Have you ever fallen out of love with your business or your job?
It’s a slightly uncomfortable question to ask in February, when everything is hearts, roses and happily-ever-afters.
But let’s be honest, even the most passionate founder, the most driven executive, or the woman who once couldn’t wait to start her business has, at some point, stared at her laptop and thought: Is this still what I want?
If that’s you right now, know this:
You’re not ungrateful.
You’re not lazy.
You’re not failing.
You’re human.
Just like relationships, our careers go through seasons.
The honeymoon phase
Remember the early days? The ideas. The late nights that didn’t feel like sacrifice. The buzz of your first client, your first sale, your first promotion.
There was energy. Possibility. A sense of becoming.
Over time, what once felt exciting can start to feel heavy. Responsibilities grow. Teams expand. Expectations increase. The spark can dull under the weight of compliance, cashflow, caregiving, competition… and just plain exhaustion.
And here’s the truth no one talks about loudly enough: sometimes we don’t fall out of love with our business, we fall out of love with the pressure around it.

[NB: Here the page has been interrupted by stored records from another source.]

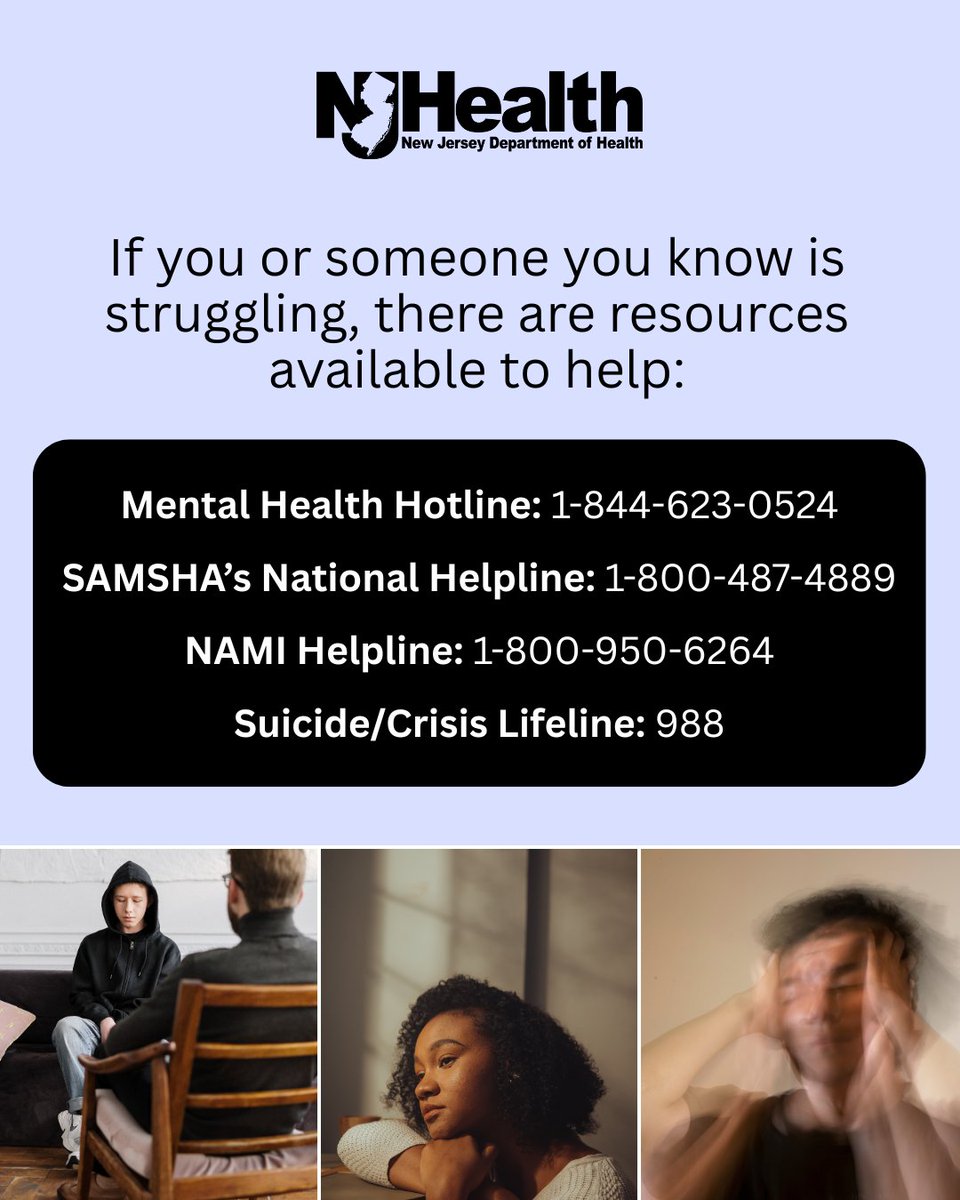 NJDeptofHealth's tweet image. Depression Screening Day is on October 9. This day aims to raise awareness about depression and encourage those struggling to seek treatment. Learn more: bit.ly/4mXJTAB  #HealthierNJ #MentalHealthAwareness #DepressionAwareness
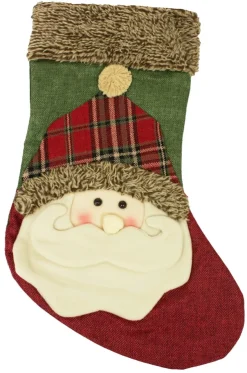 XL Nikolaus Stiefel Weihnachtsstrumpf zum Befüllen 45 cm - 3D Weihnachtsmann Santa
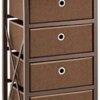 mDesign 4 Drawer Foldable Dresser Storage Unit Chest - Wood Frame, Easy Pull Fabric Bins - Farmhouse Organizer Unit for Household Storage Bedroom, Hallway, Entryway, Closets - Espresso Brown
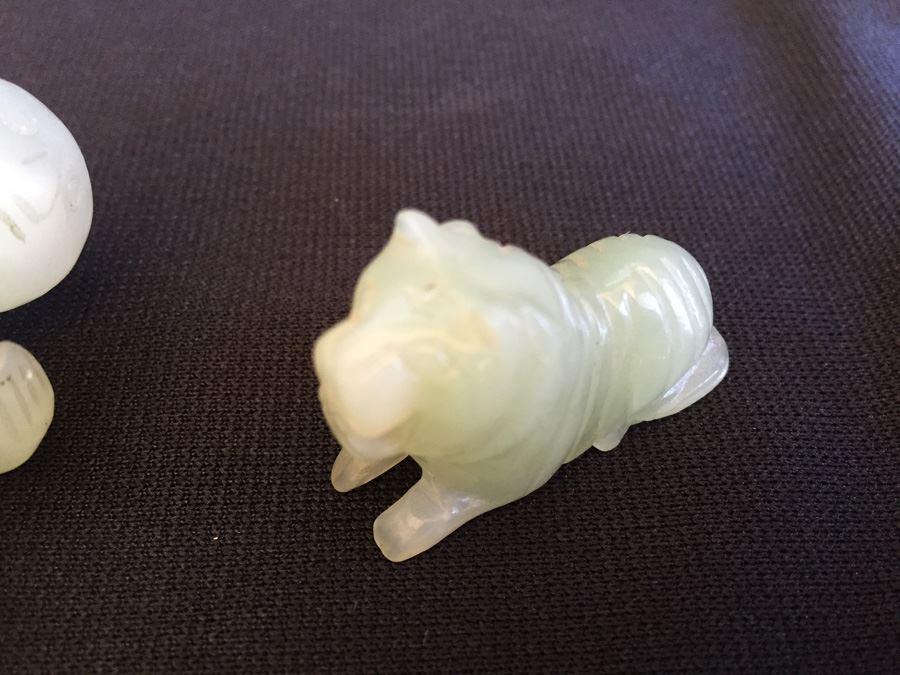 Pair Of Small JADE Figurines Bear And Tiger [Photo 9]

Valentine’s Day isn’t just about romance. It’s about reflection.
As we approach 14 February, I’d encourage you to ask yourself three questions:
1. What did I originally love about this work?
Was it the creativity? The autonomy? The impact? The people?

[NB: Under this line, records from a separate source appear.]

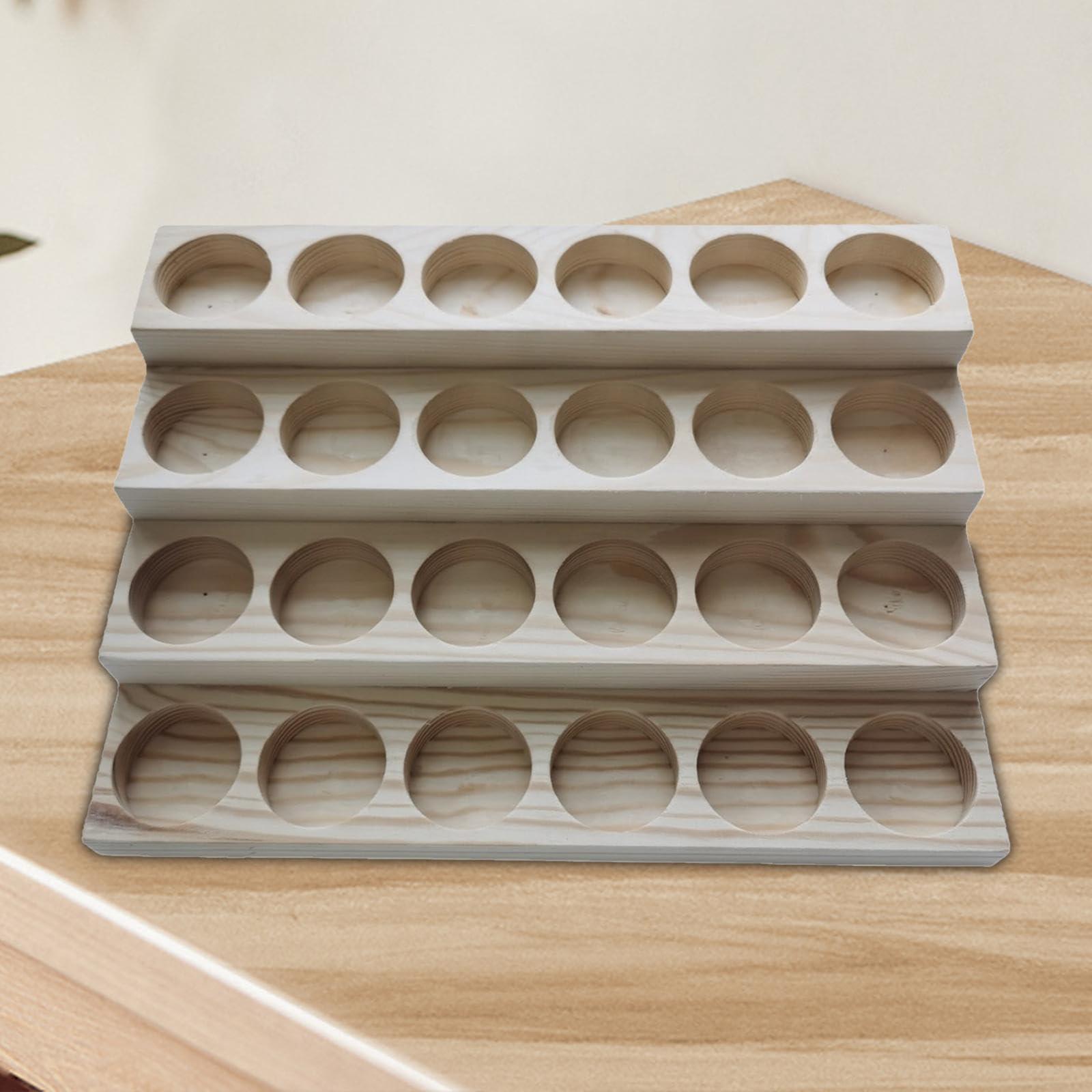 Amagogo Amagogo Essential Oil Display Stand Multi Layer Wooden 24 Slots Display Shelves Organizer Essential Oil Holders Cosmetic Storage Rack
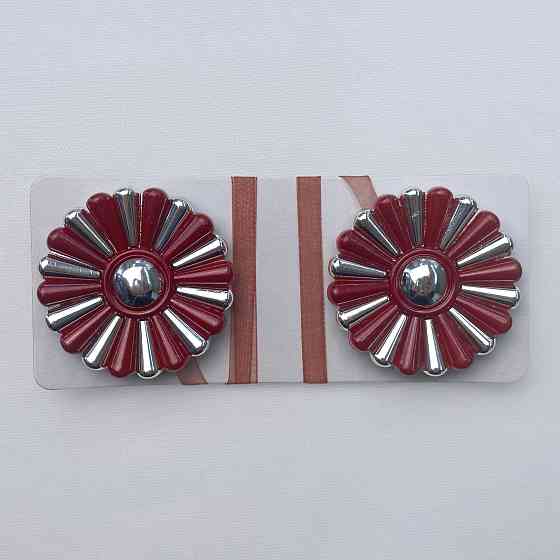 Магніти для штор і гардин Хризантема набір 2 шт Бордовий з сріблястим (81-299) Київ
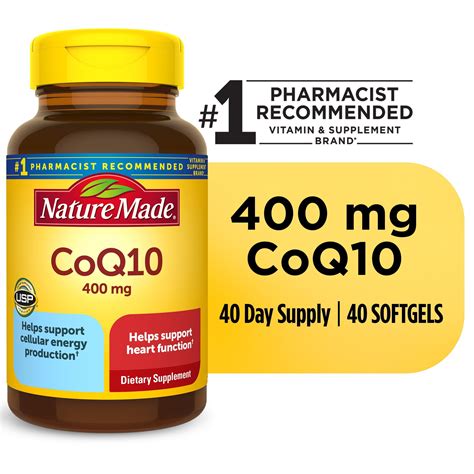 Nature Made Coq10 400mg Softgels Dietary Supplement For Heart Health Support 40 Count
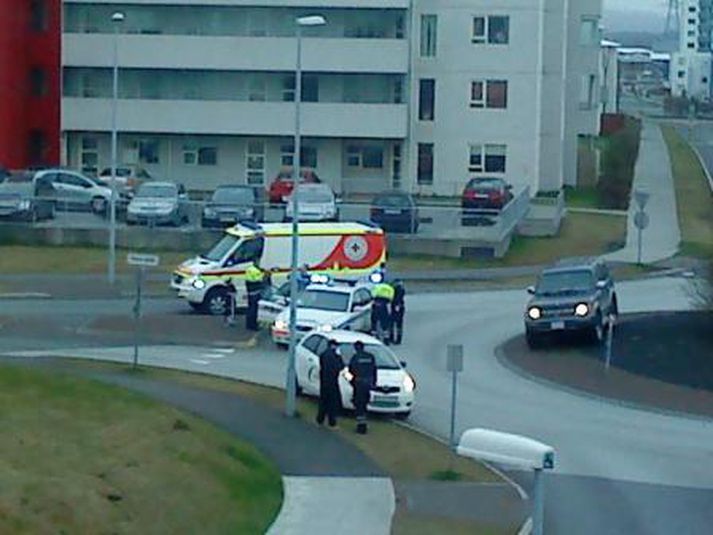 Sjúkraflutningamenn voru kallaðir á staðinn til öryggis en sem betur fer slasaðist barnið ekki alvarlega. Mynd/ Guðný.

Write it down. Not in your head. On paper.
Often, the core reason is still there — it’s just buried under operational noise.
2. Am I bored, burnt out, or misaligned?
These are three very different problems.
- Bored means you need a stretch, challenge or innovation.
- Burnt out means you need rest, boundaries or support.
- Misaligned means your values have evolved — and your work hasn’t caught up.
Each one requires a different response. Don’t prescribe a career change when what you actually need is a long weekend and a cleaner inbox.
3. If I were starting today, what would I design differently?
This is my favourite question.
Not “Should I quit?” But, “If I redesigned this business or role from scratch, what would I keep? What would I remove? What would I amplify?”
You are allowed to evolve. Your business is allowed to evolve. Your leadership is allowed to evolve.
A career reboot doesn’t have to be dramatic
We sometimes think change must be bold and public. It doesn’t. A reboot can look like:
- Delegating or automating the tasks you secretly resent.
- Raising your prices to reflect your experience.
- Pivoting into a niche that excites you.
- Saying no to the client who drains you.
- Returning to professional learning.
- Reconnecting with a network that energises you.
Sometimes it’s as simple as one brave conversation. Talk to someone. Reach out. Come to an event. Book that coffee catch-up. Join the conversation.
One of the greatest gifts of Women’s Network Australia is this: you never have to navigate reinvention alone.
So this February, instead of flowers, I’m giving you permission.
Permission to reflect, to realign and to fall back in love — or consciously choose your next chapter.
You deserve work that energises you, not just sustains you.